Parmi ces trois crânes: celui supposé du roi Toera, décapité en 1897 à Ambiky, ancienne capitale royale du Menabe, lors d'une attaque des troupes coloniales françaises pour mater une rébellion. L'historienne de l’Afrique, Klara Boyer-Rossol,a qualifié cette attaque de "véritable massacre ».

La France a vite oublié son passé génocidaire, les photos de ses soldats exhibant les têtes des personnes assassinées. 

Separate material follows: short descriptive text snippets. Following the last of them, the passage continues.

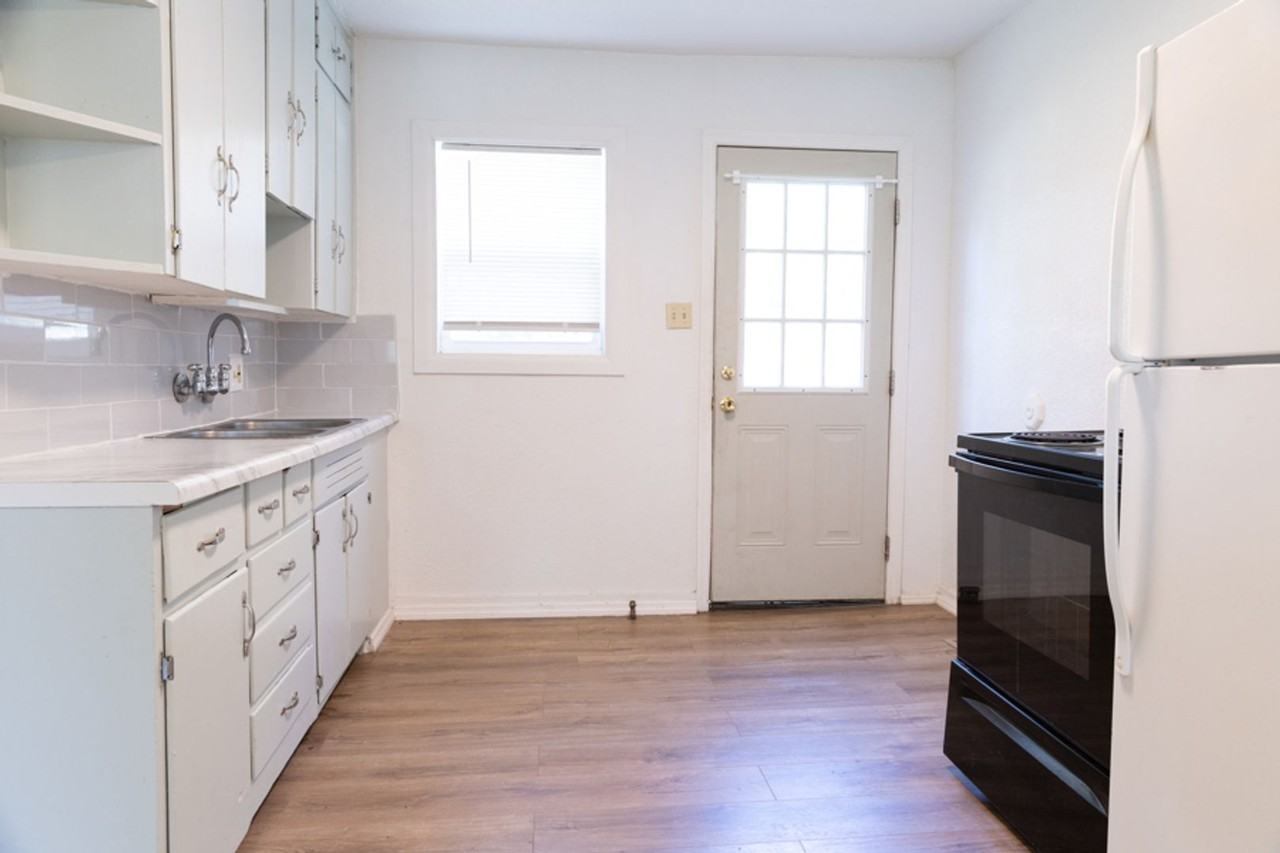 517 N Saint Paul St - Photo 7 of 14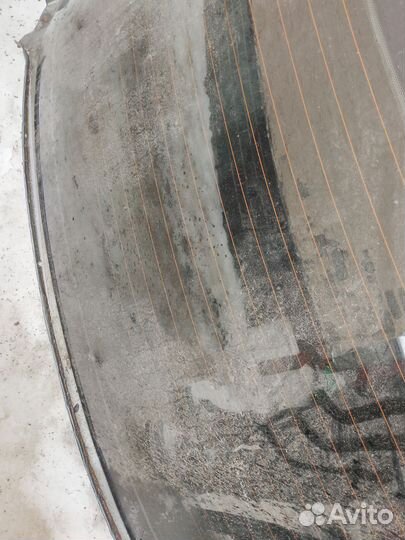 Заднее стекло priora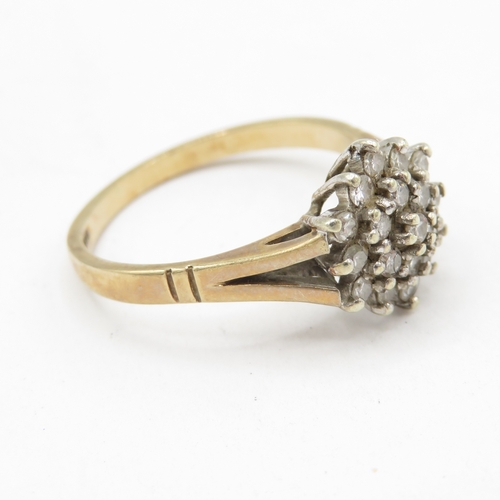 40 - 9ct gold diamond cluster ring (2.9g) Size P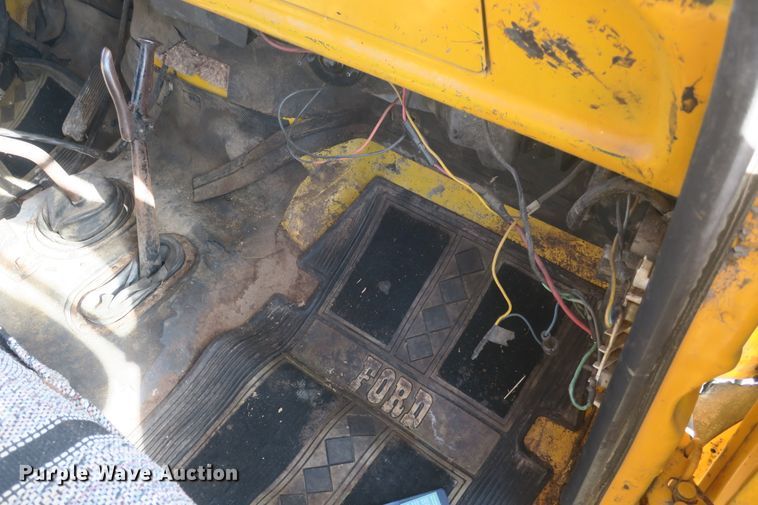 image for item DB10016 1976 Ford F750 dump truck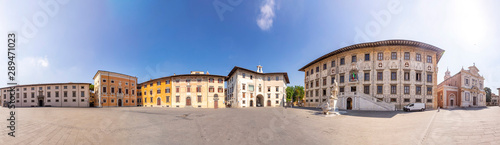 Beautiful building of University on Piazza dei Cavalieri (Palazzo della Carovana) decorated with sgraffiti and sculptures of Grand Dukes of Tuscany. The statue depicts Cosimo I de' Medici. Pisa © travelview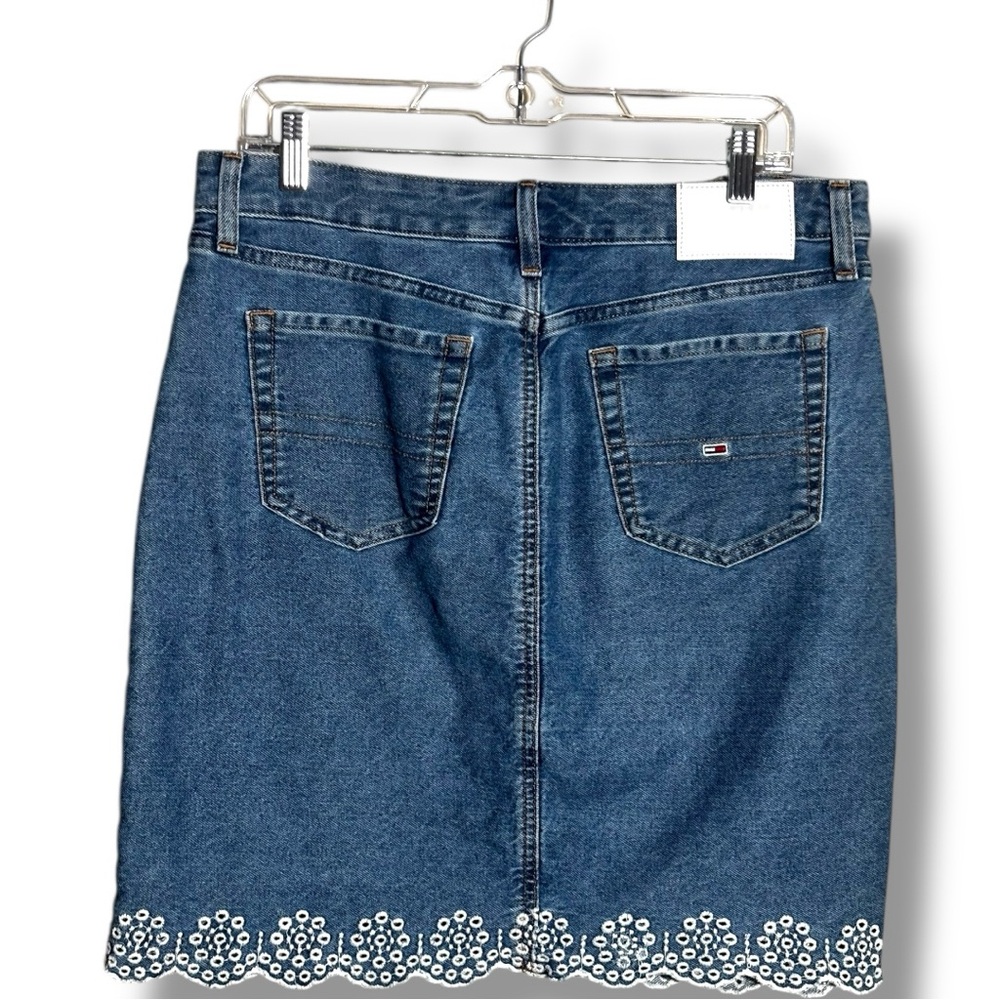 Tommy Hilfiger Light Blue Classic Pencil Denim Skirt with White Floral Detail - Picture 15 of 16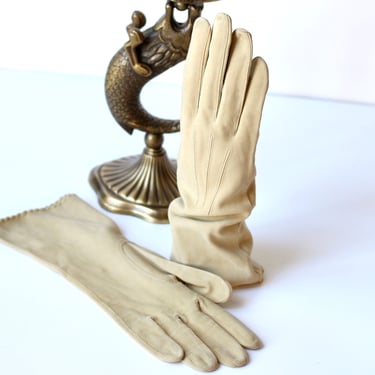 1930s Kid Suede Driving Gloves - Womens Creamy Beige Over The Wrist Vintage Gloves - Size 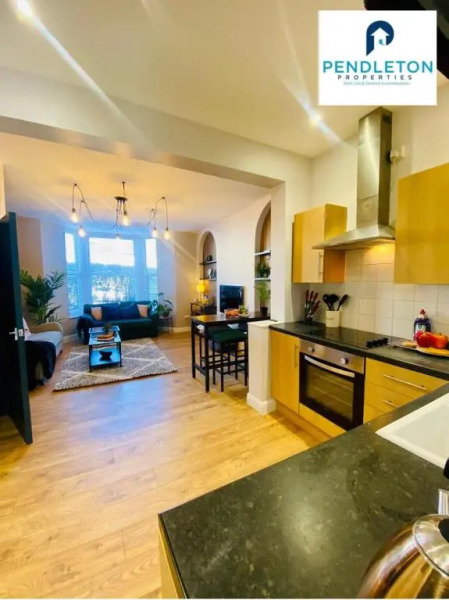 LEISURE, BUSINESS Stays 1 Bed Flat W Parking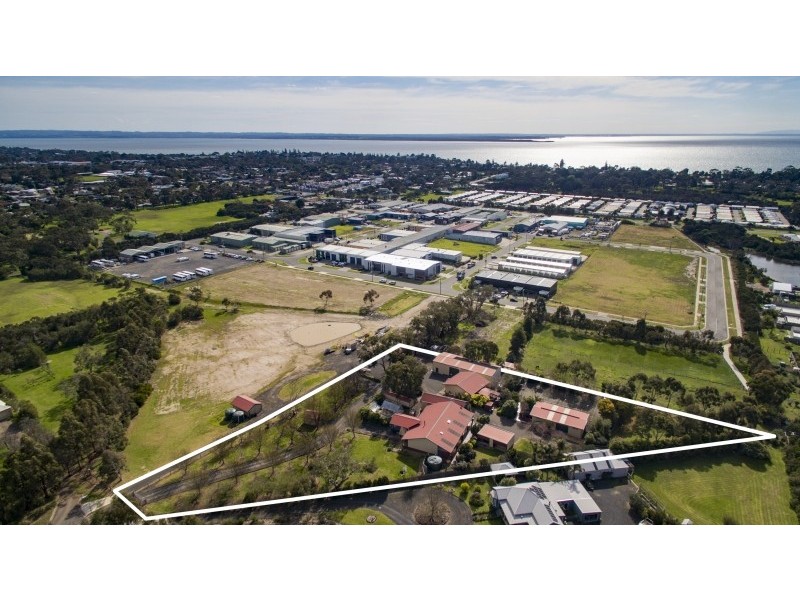 32 Jeury Court, Cowes VIC 3922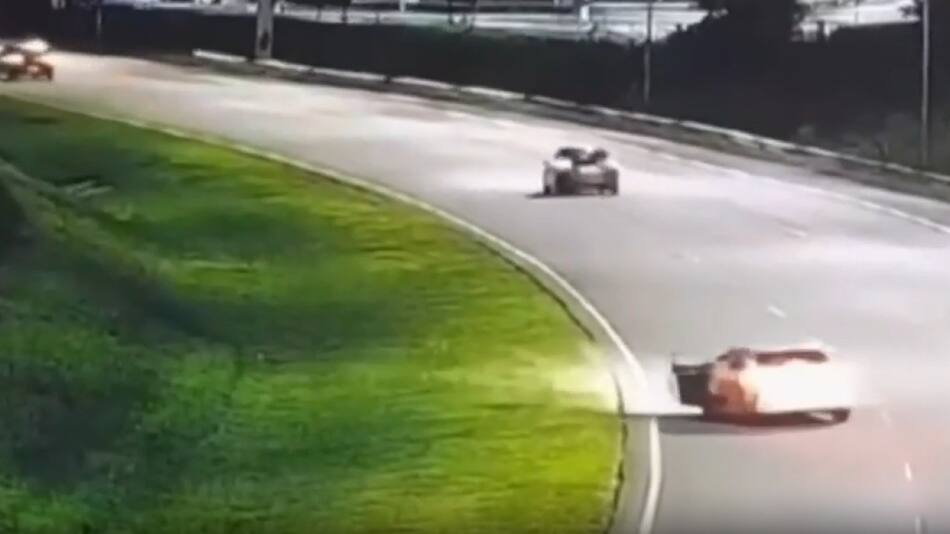 Circulaba con drogas, quiso evitar un control y arrastró a un agente de tránsito. Foto: Captura de video.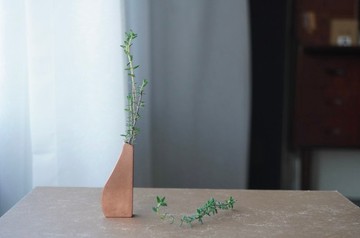 紅銅迷你花器-窄直角變形瓶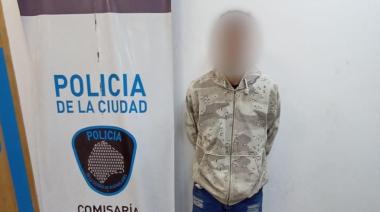 Cayó en Villa Luro un prófugo acusado de asaltar a estudiantes: lo identificaron por un tatuaje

L’histoire n’a pas où se cacher. 

Le témoignage de Jeannette Kamtchueng, citée dans l’article « Massacres Au Cameroun, Génocide Perpétré En Pays Bamiléké Par Une Campagne Militaire Française » sur le site www.jmtvplus.com:

« L’armée ne fait pas de quartier. Les cadavres sont exposés dans les villages, de même que les têtes des prisonniers qui ont été décapités. Entre février et mars 1960 cent cinquante-six villages bamilékés sont incendiés et rasés. Un bilan méticuleux des destructions de biens publics sera opéré : 116 classes, 3 hôpitaux, 46 dispensaires, 12 stations agricoles, 40 ponts seront détruits. Personne n’a recensé les logements privés détruits ni les récoltes incendiées. Personne n’a pu dénombrer les dizaines de milliers de civils qui ont été massacrés. On ne saura jamais ».

En fait de génocide « les Bamilékés en ont connu entre 1955 et 1965. Les chiffres tournent entre huit cent mille et un million de morts dans la région des Hauts-Plateaux et dans les autres villes telles Douala, Yaoundé, Sangmélima, Ebolowa, Nkongsamba » affirmait Jacques Kago Lélé dans « Tribalisme et exclusions au Cameroun : le cas des Bamileke ». Les services secrets français ont même réussi à empoisonner le leader de l’UPC, Felix Moumié, le 2 octobre 1960, à Genève », disait-il.

Si la compétence universelle peut fonctionner dans un sens, elle peut tout aussi bien être actionnée dans l’autre. Comme les crimes contre l’humanité et le génocide ne sont pas prescriptibles, il y a matière ester.  

Pour revenir à l'histoire du Rwanda, l'implication de la France dans le génocide est toujours en discussion. Juste pour info.